To embrace one's Shadow is to be more whole. Yet how does one 'embrace' something that is unconscious thus not known. And what does 'embrace' mean anyway. Sounds like some New Age concept to me. Jung came up with "Shadow" as a concept, and he saw it as the unconscious receptacle of everthing that we would reject about ourselves if brought into consciousness. Robert Bly in his book on the Shadow sees it as a bag that we fill with the things we don't accept about ourselves; thoughts, feelings, acts that we find repugnant put in the bag and forget. Throughtout life we lug this bag around, it only making its presence known when we sometimes get mysteriously triggered, discovering we have far more "stuff" going on than the issue warranted.

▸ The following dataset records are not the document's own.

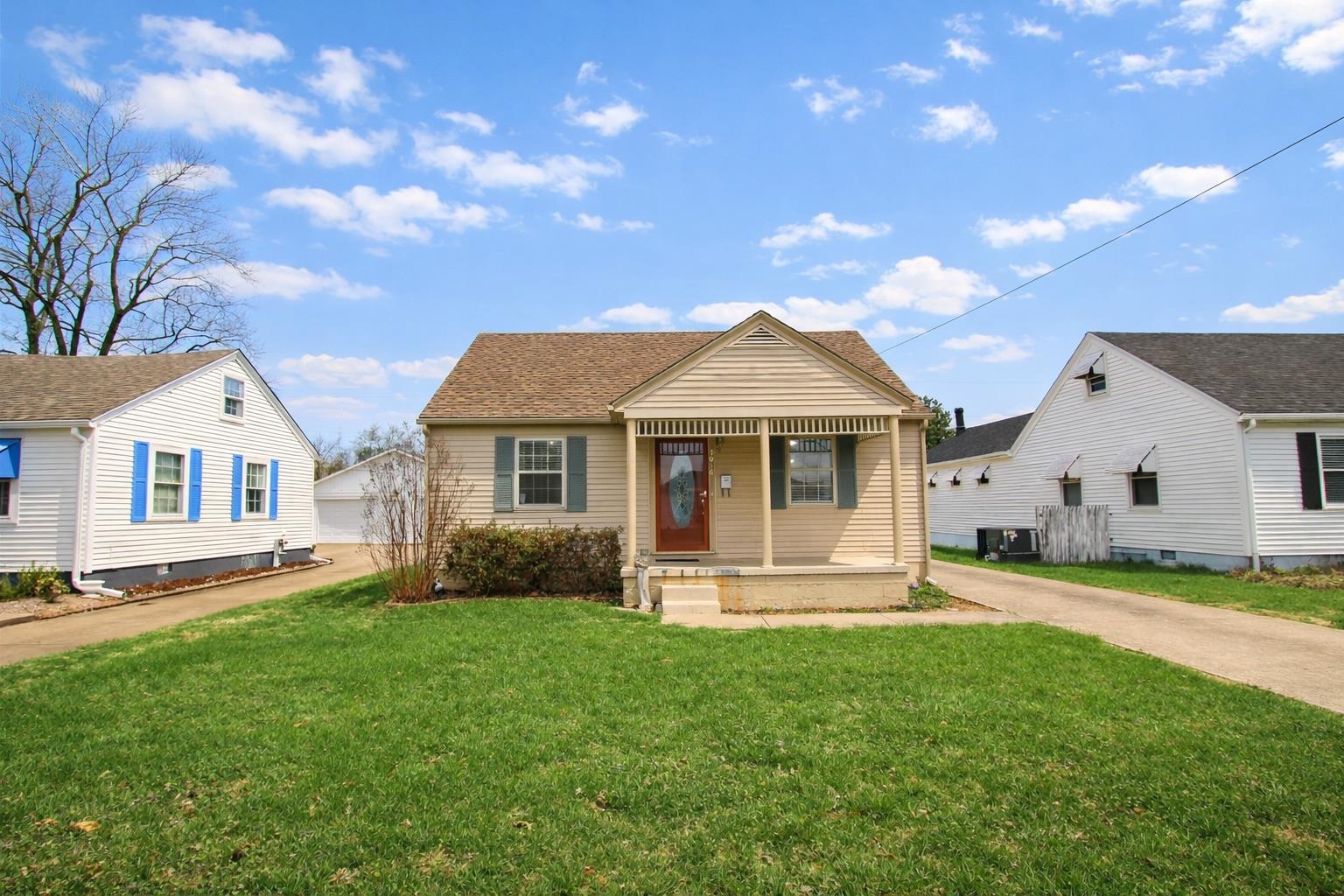 3016 Daviess St, Owensboro, Kentucky 42303, 2 Bedrooms Bedrooms, ,1 BathroomBathrooms,Single Family Residence,For Sale,Daviess St,94367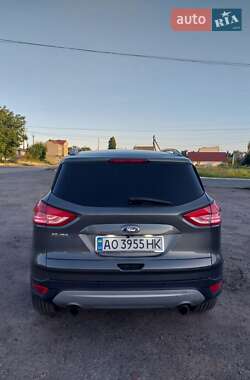 Внедорожник / Кроссовер Ford Kuga 2013 в 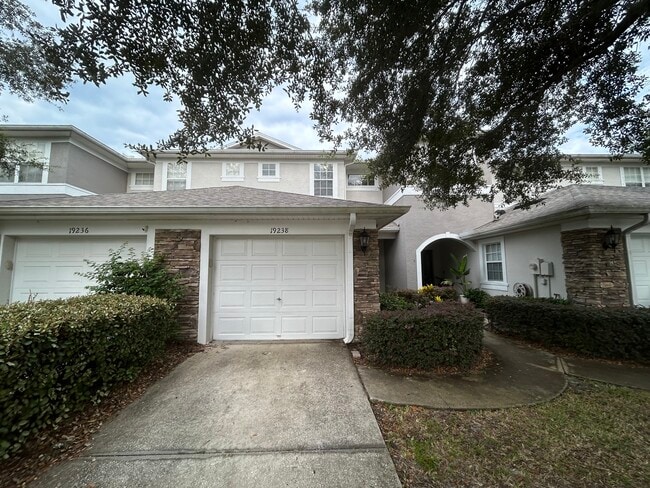 Building Photo - 19238 Stone Hedge Dr Rental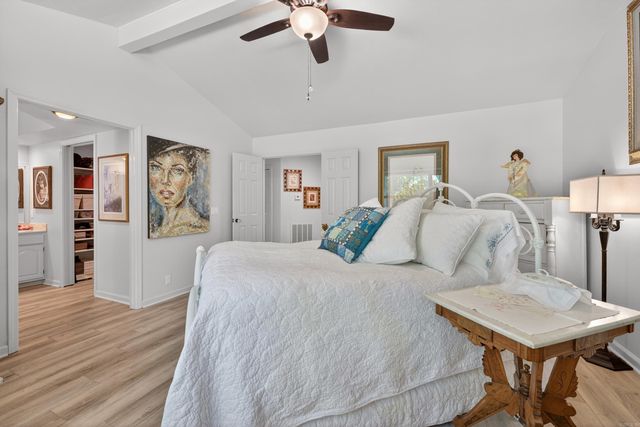 18 Emanuel Drive, Hot Springs Village, AR 71909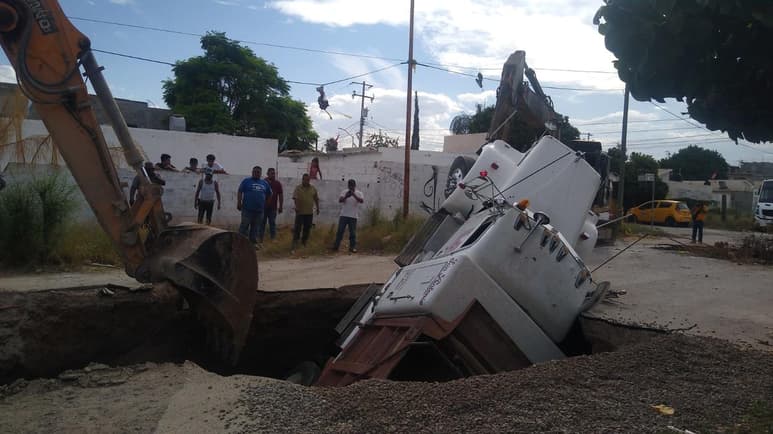 Se trata de la misma zona donde cayó un camión recolector en meses pasados.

So how does one work with Shadow? What wakes up the conscious mind enough to see the shadow? One method is to play; Shadowplay.
To play with the Shadow is to may light (lite) of the darkness. One could start by dressing up, costumes are good! Doing this with others is the key. I'm not suggesting S&M because in my experience the people involved mostly take themselves very seriously. That's different. Dressing up and acting out fantacies is not necessarily one's Shadow, but within the play one can glimpse the Shadow from time to time. It is these moments of 'realness' that get our attention. For instance one may take on the role of a King and find the majesty and power feels good, and from somewhere comes the tyrant, ordering executions and torture, and you are enjoying that too. If you have the courage the game is; you go with that and the Shadow slowly emerges.

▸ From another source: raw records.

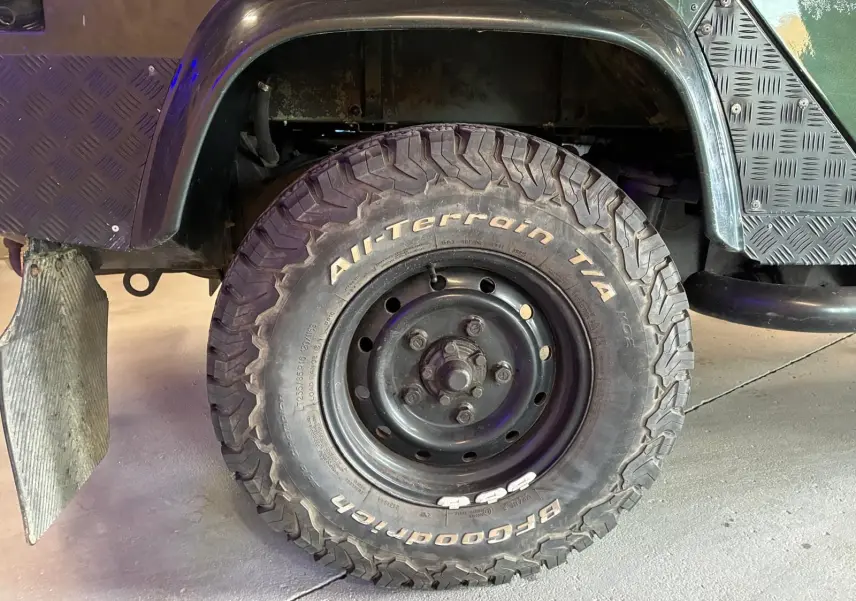 Gros plan sur la roue arrière droite du Land Rover Defender 110 vert, avec pneu tout-terrain BFGoodrich visible.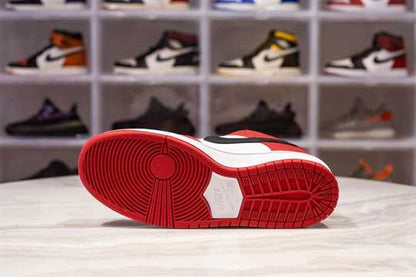 Nike SB Dunk Low - Chicago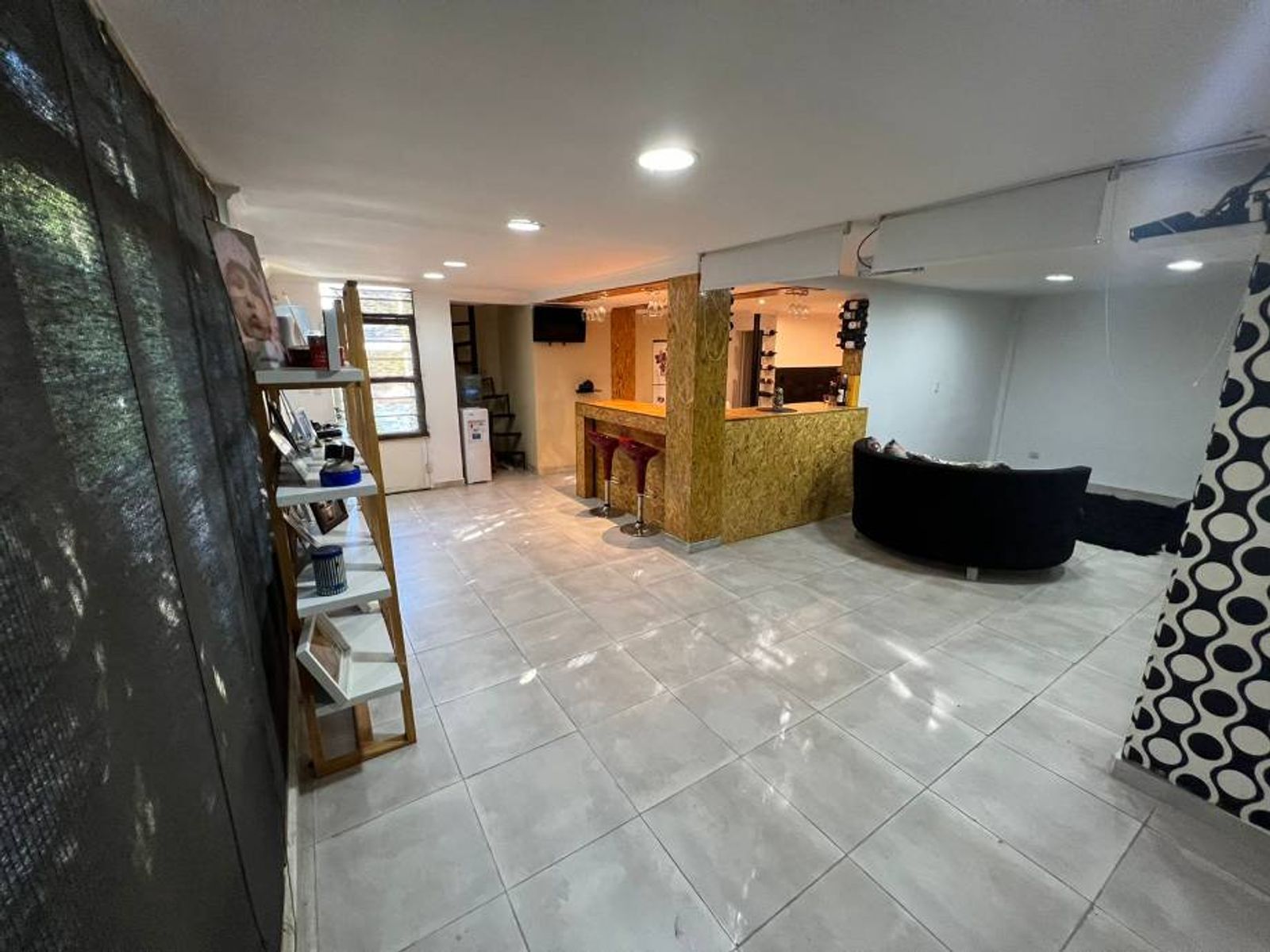 CASA DE 6 AMBIENTES EN EXCELENTES CONDICIONES - VILLA UDAONDO - 3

There are layers of Shadow, and with play one can stay just on the surface. However, if one is committed, there is a lot to discover. Particularily in a debrief. It is important to keep it light, even when there is a heaviness, for all of the Shadow is just feelings, thoughts, desires, and supressed psychic energy. Once Shadow has been brought into the light it is light. Perhaps not always right away, but in time.
I mention this work as I deem it important. Especially if we are to address fundementalism in all its forms and including our own. What is grace if it is not awareness?